A deux jours de la Journée mondiale de l’avortement et au lendemain de la victoire aux législatives en Italie, du parti post-fasciste, anti avortement, Fratelli d’Italia, le calendrier était opportun pour organiser une table ronde sur l’inscription du droit à l’avortement dans la Constitution.
Pour mémoire, la sénatrice écologiste, Mélanie Vogel a déposé une proposition de loi cosignée par 120 sénateurs de six groupes politiques différents (socialistes, communistes, écologistes, RDSE et RDPI). Ce qui autorise la sénatrice à penser que le texte, examiné en séance publique, le 19 octobre « sera voté ».
Lire notre article. IVG dans la Constitution : « Il faut sécuriser le droit à l’avortement »
« Ce n’est pas une lubie. C’est une question de citoyenneté »

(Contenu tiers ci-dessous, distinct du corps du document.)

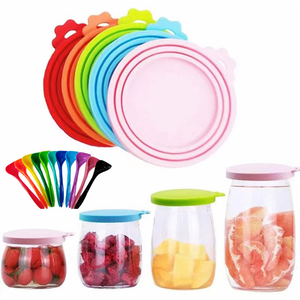 Tapa para Latas de Comida para Mascotas con Cuchara y Logotipo Personalizado - Product Image 3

En juin dernier, la décision de la Cour suprême des États-Unis de révoquer le droit à l’avortement de la Constitution a perturbé l’agenda parlementaire français. En l’espace de quelques jours, pas moins de quatre propositions de loi avaient été déposées au Parlement. Au Sénat, les communistes, socialistes et écologistes avaient finalement convenu d’un texte commun. La « niche » parlementaire du groupe écologiste arrivant en premier dans le calendrier, un texte unitaire a été décidé entre les groupes favorables à la constitutionnalisation de l’avortement. « Ma démarche est de porter un texte consensuel », a indiqué la sénatrice.

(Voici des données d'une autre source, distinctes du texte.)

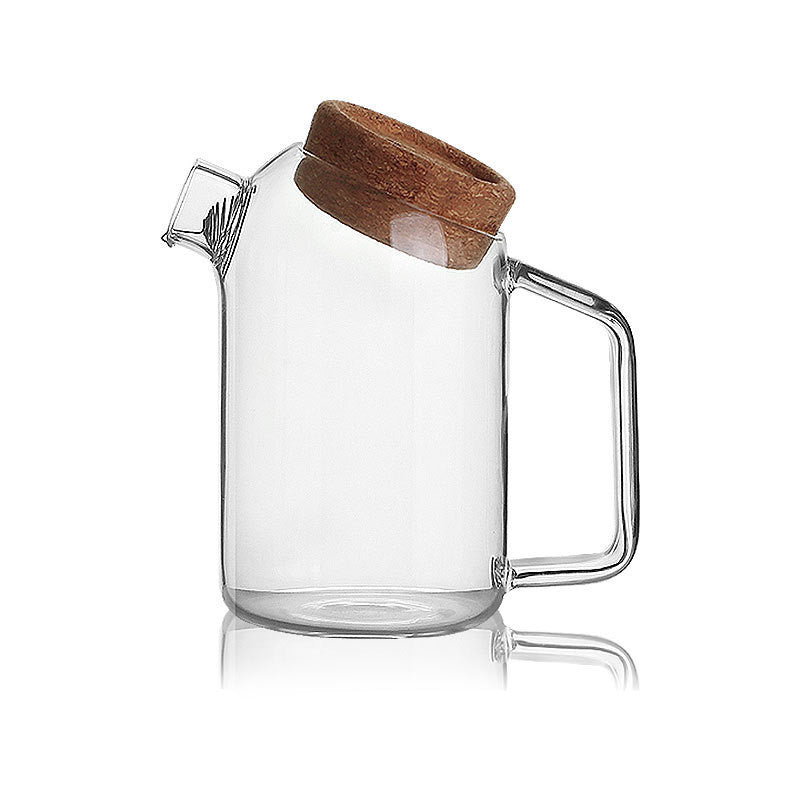 Heat Resistant Flask with Cork Cover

Presque 50 ans après la loi Veil, pourquoi inscrire ce droit qui ne souffre d’aucune condition en droit français et est remboursé par la Sécurité Sociale, dans le texte fondateur de la Ve République ? « Ce n’est pas une lubie. C’est une question de citoyenneté. Si les femmes ne se voient pas reconnaître la maîtrise de leurs capacités procréatrices, elles sont privées de leur autonomie personnelle de faire des choix sur leur propre vie, sur leur propre corps. Elles sont renvoyées au foyer. Cela en fait des citoyens de seconde zone qui ne peuvent plus travailler. C’est une question d’égalité entre les femmes et les hommes, une question d’égalité de genres », expose Diane Roman, professeure de droit public à l’Université Paris 1 Panthéon-Sorbonne.

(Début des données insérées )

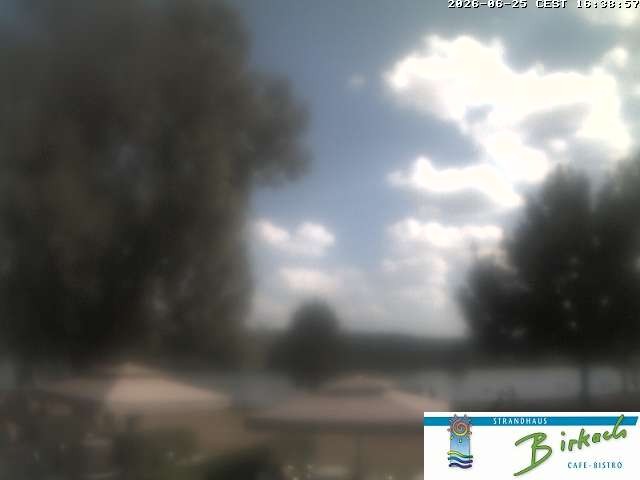 Archiv Foto Webcam Strandhaus Birkach - Blick auf den Rothsee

Lire notre article. Droit à l’avortement dans la Constitution : « Une avancée pour les droits des femmes » ou « un coup politique » ?
« Je ne vois pas ce que la contraception et l’avortement ont à voir avec le juge judiciaire »
Quant à la forme de l’inscription de ce droit dans la Constitution, elle fait débat : le rajouter dans le Préambule de 1946, la solution des sénateurs socialistes, l’intégrer à l’article 34 qui définit le domaine de la loi, la solution des sénateurs communistes, ou bien, et c’est la solution privilégiée par cette nouvelle proposition de loi constitutionnelle de Mélanie Vogel, créer un nouvel article 66-2. L’article 66 englobe des dispositions relatives aux libertés individuelles. La rédaction de ce texte s’aligne sur deux propositions de loi déposées à l’Assemblée nationale.
Cette dernière n’est pourtant pas du goût du goût de Diane Roman. « Je suis un peu étonnée […] C’est la partie de la Constitution qui fixe l’indépendance de la justice […] Je ne vois pas ce que la contraception et l’avortement ont à voir avec le juge judiciaire […] Ça me paraît mal rangé », a-t-elle observé privilégiant une « solution plus simple », l’inscrire à l’article 1er de la Constitution « là où sont reconnus les droits fondamentaux ».
« Dans ce type de référendums, ce sont surtout les contres qui seront mobilisés »
« Je suis d’accord » a reconnu Mélanie Vogel expliquant qu’elle avait repris la rédaction des textes déposés par la majorité présidentielle et la Nupes à l’Assemblée nationale « afin de ne pas avoir d’argument contraire ». « Mais ce texte est tout à fait amendable », ajoute-t-elle.
Il l’est d’autant plus que ce texte n’a pas vocation à aller au bout de son parcours législatif. En effet, une révision constitutionnelle initiée par une proposition de loi (le Parlement) ne peut être approuvée que par un référendum, après un vote en termes identiques des deux chambres du Parlement. « Il ne faut pas qu’il y ait un référendum sur l’avortement. Les études d’opinion montrent qu’il y a une majorité dans la population favorable à ce droit. Et dans ce type de référendums, ce sont surtout les contres qui seront mobilisés. On a déposé ce texte car le gouvernement a dit qu’il attendait des initiatives parlementaires. Si le gouvernement avait dit qu’il allait déposer un projet de loi jamais je n’aurais déposé une proposition de loi », assure la sénatrice qui souhaite que l’éxecutif reprenne la main pour que la révision passe par un vote de la majorité des 3/5e des suffrages exprimés de l’Assemblée nationale et du Sénat réunis en Congrès.